** Task directions **
In the records that follow, find each line containing "Audi" and copy it.

** Input records **

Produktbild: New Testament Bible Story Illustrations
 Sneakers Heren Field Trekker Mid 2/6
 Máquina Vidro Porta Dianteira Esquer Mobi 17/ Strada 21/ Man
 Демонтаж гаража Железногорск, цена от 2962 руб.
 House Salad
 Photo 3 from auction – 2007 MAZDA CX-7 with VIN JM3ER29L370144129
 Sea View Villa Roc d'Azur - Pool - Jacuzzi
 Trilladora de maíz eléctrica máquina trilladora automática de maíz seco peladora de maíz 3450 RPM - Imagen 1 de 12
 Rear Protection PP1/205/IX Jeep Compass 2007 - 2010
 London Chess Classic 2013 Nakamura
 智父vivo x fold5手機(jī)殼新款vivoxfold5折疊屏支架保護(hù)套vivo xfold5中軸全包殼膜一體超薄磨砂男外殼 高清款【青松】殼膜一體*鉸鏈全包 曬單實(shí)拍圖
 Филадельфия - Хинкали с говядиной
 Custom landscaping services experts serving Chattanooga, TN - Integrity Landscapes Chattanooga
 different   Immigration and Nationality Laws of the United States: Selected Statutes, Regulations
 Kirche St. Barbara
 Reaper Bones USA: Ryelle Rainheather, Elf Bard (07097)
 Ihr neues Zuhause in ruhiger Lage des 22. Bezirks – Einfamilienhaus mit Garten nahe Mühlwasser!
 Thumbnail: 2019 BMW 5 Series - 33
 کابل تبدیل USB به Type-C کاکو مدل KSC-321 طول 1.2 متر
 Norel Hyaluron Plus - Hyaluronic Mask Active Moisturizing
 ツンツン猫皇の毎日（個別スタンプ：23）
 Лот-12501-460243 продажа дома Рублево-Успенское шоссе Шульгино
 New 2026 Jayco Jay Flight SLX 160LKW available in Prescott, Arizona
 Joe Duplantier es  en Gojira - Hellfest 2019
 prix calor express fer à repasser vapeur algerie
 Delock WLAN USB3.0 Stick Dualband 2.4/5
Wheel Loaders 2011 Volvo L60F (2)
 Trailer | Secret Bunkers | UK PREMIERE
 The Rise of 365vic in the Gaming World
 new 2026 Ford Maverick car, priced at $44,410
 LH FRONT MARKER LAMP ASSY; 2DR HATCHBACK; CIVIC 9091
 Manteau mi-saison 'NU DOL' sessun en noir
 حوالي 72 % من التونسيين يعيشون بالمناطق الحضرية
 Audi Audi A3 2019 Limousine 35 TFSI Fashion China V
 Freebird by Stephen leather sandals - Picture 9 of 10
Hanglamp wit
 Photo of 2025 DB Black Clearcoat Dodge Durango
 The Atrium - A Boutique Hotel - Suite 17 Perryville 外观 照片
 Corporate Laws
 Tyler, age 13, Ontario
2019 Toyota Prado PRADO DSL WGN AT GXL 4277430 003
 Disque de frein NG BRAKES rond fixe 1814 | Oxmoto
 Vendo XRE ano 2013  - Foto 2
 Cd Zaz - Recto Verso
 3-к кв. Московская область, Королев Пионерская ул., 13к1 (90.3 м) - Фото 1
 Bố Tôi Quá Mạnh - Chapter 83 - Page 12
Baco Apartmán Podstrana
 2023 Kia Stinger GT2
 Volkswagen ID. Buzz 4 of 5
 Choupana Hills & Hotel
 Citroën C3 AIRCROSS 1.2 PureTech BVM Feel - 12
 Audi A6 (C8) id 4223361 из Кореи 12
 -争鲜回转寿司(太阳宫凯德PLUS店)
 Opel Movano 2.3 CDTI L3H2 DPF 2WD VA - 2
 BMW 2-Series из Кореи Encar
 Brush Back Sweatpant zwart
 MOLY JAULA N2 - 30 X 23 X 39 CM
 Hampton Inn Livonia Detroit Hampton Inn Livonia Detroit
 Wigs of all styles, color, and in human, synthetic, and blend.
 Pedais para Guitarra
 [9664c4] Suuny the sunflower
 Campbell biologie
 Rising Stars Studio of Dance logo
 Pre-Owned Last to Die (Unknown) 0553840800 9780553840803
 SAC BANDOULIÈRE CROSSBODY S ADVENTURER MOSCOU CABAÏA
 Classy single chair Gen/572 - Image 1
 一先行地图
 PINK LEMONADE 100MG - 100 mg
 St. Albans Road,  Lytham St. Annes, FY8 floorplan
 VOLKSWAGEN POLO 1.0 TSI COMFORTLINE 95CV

** Finished task **
 Audi Audi A3 2019 Limousine 35 TFSI Fashion China V
 Audi A6 (C8) id 4223361 из Кореи 12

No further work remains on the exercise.